Other plant use categories

Interviews with participants in the Eastern Cape province revealed that Acacia baileyana, A. caffra, A. dealbata, A. mearnsii, Bruguiera gymnorrhiza, Eucalyptus camaldulensis, E. grandis and Schotia latifolia were used to construct huts, fence and different types of enclosures (Table 2). Grass species which included Cymbopogon nardus, Hyparrhenia hirta, Miscanthus capensis, Phragmites australis, Sporobolus africanus and Sporobolus fimbriatus were harvested to thatch traditional structures such as huts and enclosures (Table 2). Five species, namely A. dealbata, A. karroo, A. mearnsii, Eucalyptus camaldulensis and E. grandis were used as fuelwood and for space heating. Previous research by Chirwa et al. [60] on bioenergy use in the Eastern Cape province revealed that despite the high level of electrification in the province, firewood is still used in most households for cooking while electricity was mostly used for lighting. These authors argued that firewood is preferred for cooking food that takes a long time to prepare, while more convenient sources of energy such as electricity is used for short periods of cooking and re-heating of food. Similarly, Dold and Cocks [44] argued that fuelwood is still preferred in the Eastern Cape province for cooking traditional leafy vegetables because of the particular flavour it adds. Research by Dold and Cocks [35] revealed that food prepared for religious rituals must always be cooked with fuelwood, notably Acacia karroo. Agave americana, Catharanthus roseus, Opuntia ficus-indica and Phoenix reclinata were cultivated as live fence and ornamental plants by some households (Table 2). Phoenix reclinata and Typha capensis were used for making crafts such as mats and baskets. Phoenix reclinata leaves were shredded and bound together to make brooms. Leaves of Acacia karroo, Combretum erythrophyllum, Cynodon dactylon and Diospyros lycioides were browsed by livestock, mainly cattle and goats.

Conclusion

PRA exercises with participants and observations made on main livelihood attributes in the study area seem to suggest that the TEK, practices and beliefs of the Xhosa people are dynamic and adaptive. This can be seen in the incorporation of exotic plant species to South Africa in the indigenous pharmacopoeia and indigenous diet of local people in the Eastern Cape province. Some exotic plants which are now part of the indigenous pharmacopoeia in the study area include Agave americana, Catharanthus roseus, Ficus carica, Opuntia ficus-indica, Psidium guajava and Sonchus asper. Research by Palmer [61] argued that the medicinal plant composition of a community is the product of experimentations conducted throughout the history of a community and represents an adaptation of this culture over time.

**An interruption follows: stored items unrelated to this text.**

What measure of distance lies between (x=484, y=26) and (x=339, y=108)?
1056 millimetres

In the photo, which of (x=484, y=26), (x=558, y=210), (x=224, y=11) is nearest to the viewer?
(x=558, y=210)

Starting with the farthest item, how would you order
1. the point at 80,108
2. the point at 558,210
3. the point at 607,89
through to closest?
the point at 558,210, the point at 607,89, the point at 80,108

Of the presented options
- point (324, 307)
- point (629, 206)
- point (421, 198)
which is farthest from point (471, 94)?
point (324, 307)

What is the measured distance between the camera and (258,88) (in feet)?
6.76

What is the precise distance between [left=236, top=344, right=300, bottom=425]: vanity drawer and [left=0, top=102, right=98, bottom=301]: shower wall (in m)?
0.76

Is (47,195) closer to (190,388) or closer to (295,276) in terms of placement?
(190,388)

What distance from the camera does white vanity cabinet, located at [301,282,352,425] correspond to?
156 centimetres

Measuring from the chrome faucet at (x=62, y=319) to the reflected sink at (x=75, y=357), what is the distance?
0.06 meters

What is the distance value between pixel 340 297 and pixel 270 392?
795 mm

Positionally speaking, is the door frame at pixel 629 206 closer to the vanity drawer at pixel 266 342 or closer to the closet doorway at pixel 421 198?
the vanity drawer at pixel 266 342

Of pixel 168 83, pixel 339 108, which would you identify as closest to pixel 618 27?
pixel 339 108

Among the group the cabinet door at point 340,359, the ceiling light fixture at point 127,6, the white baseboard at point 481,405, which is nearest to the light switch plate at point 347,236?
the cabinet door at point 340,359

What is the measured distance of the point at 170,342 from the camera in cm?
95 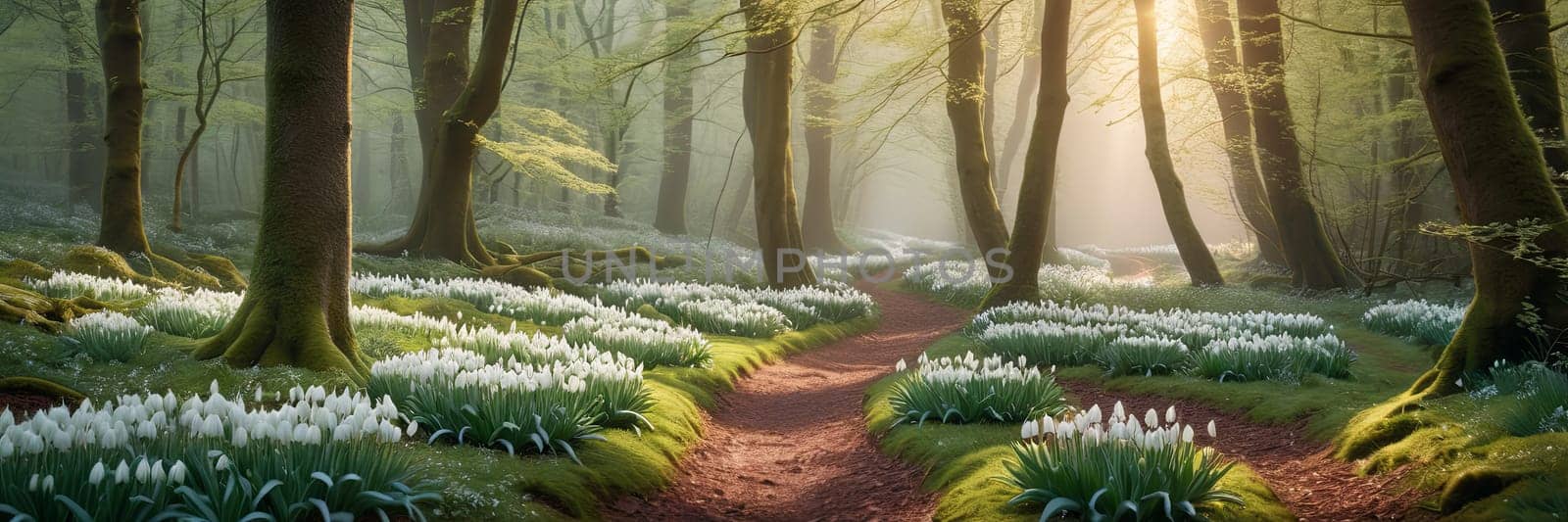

While Alencar et al. [62] argued that any indigenous medical system is not a static social institution that is not evolving, as there is evidence of insertions and deletions of plants that compose it, with the addition of exotic plants as herbal medicines. Therefore, results of the current study corroborate an earlier observation that TEK systems are a reservoir of experiential knowledge that can provide important insights for the design of adaptation and mitigation strategies to cope with global environmental change [63].